**INSTRUCTIONS FOR THE TASK**: In the listing below, find the line with "Sterling Silver Celtic" and the line with "Boho Midi Dress Gizela", then return them and every line between them exactly, minus the pictures.

**INFORMATION SHOWN**:
= = = =

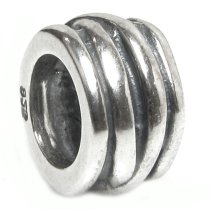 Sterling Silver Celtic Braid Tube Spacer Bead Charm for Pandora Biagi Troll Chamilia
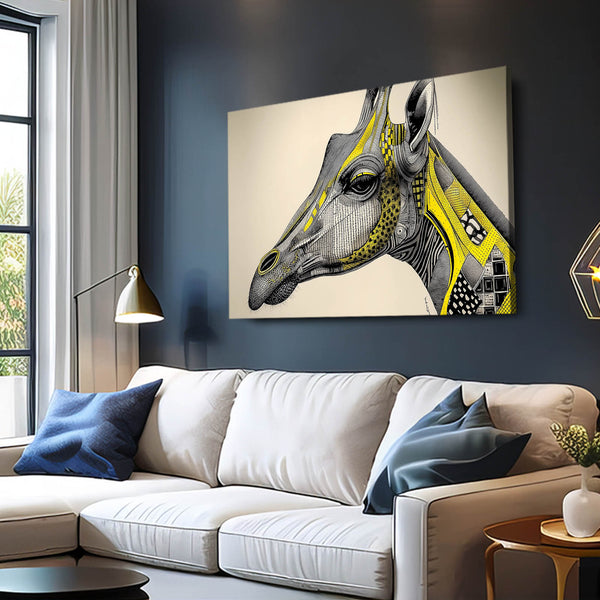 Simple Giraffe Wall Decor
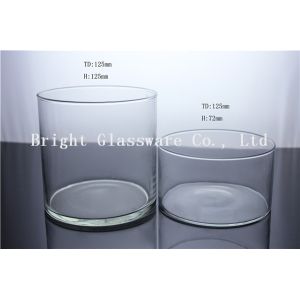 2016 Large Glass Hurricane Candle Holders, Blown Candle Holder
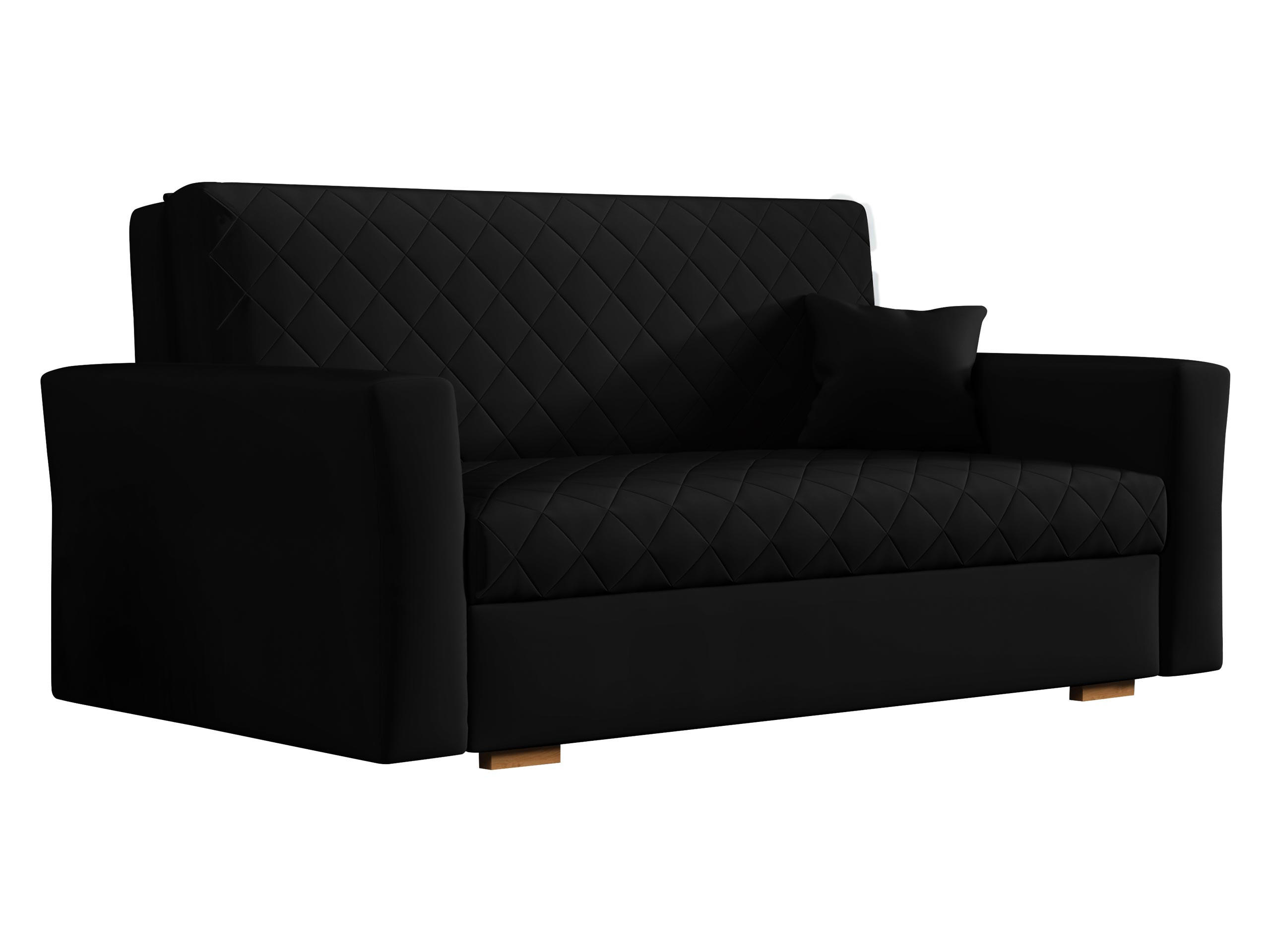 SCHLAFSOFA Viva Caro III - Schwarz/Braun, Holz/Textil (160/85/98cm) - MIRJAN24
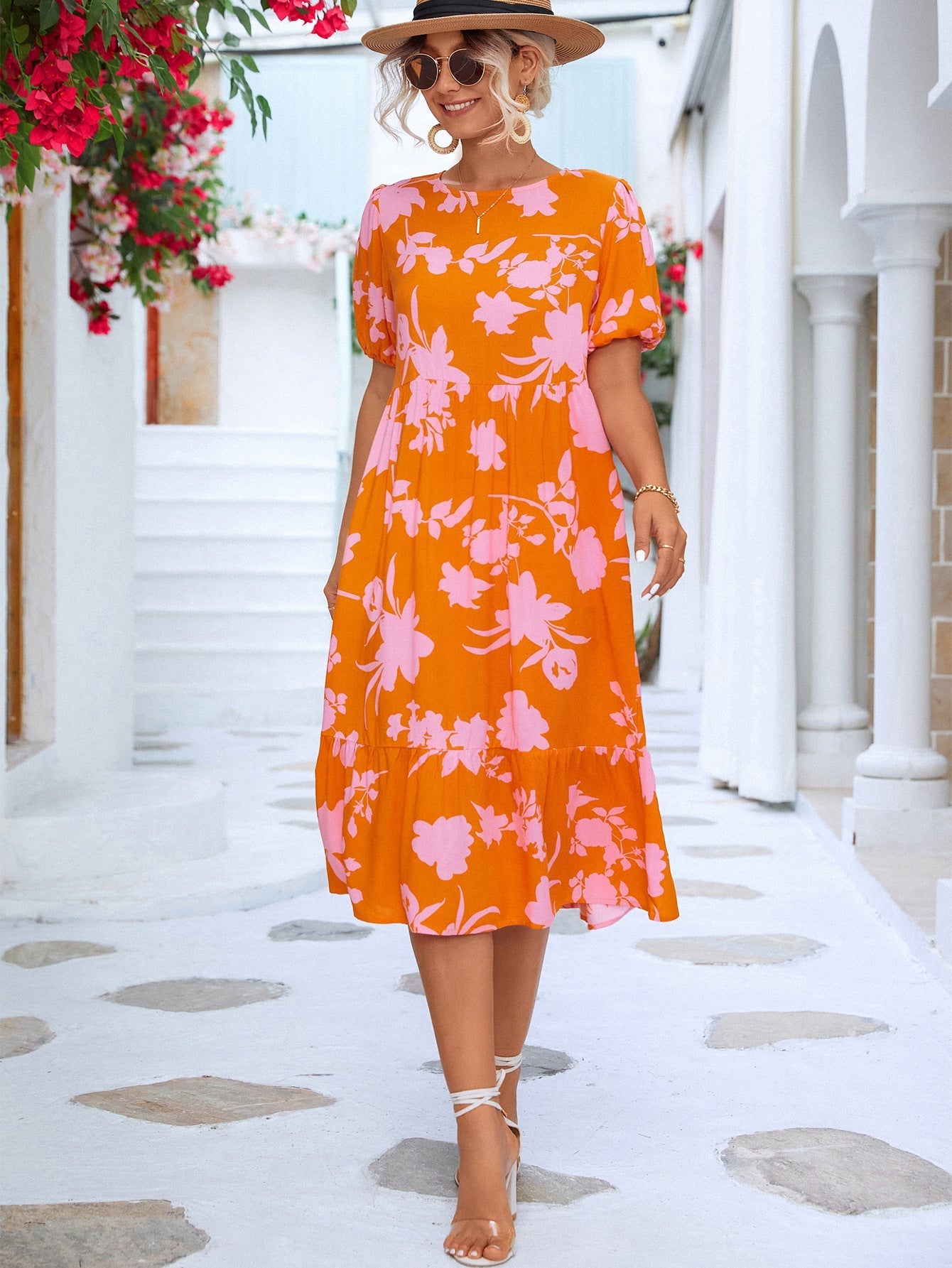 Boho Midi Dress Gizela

= = = =

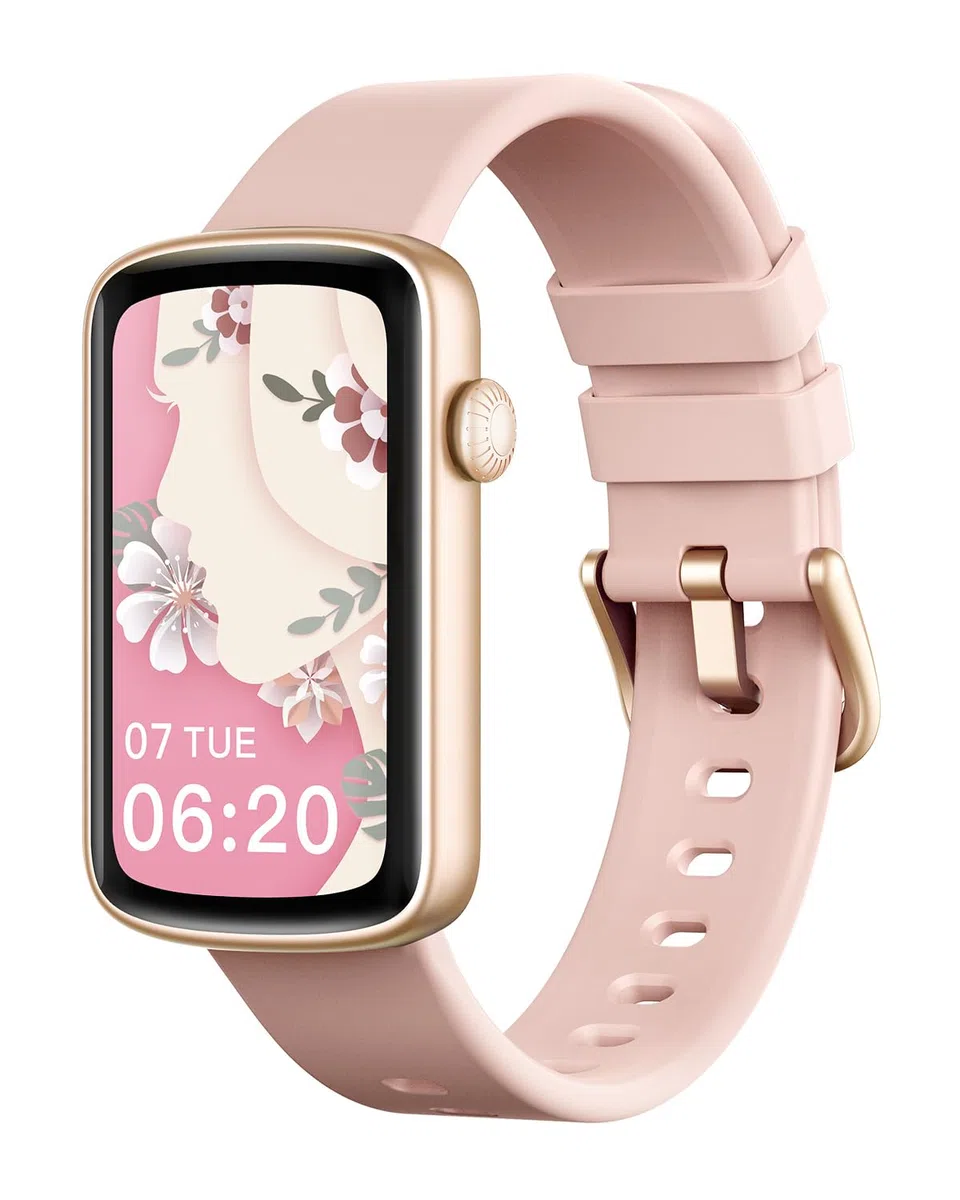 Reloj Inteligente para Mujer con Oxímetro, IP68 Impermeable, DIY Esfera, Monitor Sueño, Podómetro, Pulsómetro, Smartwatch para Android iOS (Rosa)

= = = =

**RESULT OF THE EXERCISE**:
 Sterling Silver Celtic Braid Tube Spacer Bead Charm for Pandora Biagi Troll Chamilia
 Simple Giraffe Wall Decor
 2016 Large Glass Hurricane Candle Holders, Blown Candle Holder
 SCHLAFSOFA Viva Caro III - Schwarz/Braun, Holz/Textil (160/85/98cm) - MIRJAN24
 Boho Midi Dress Gizela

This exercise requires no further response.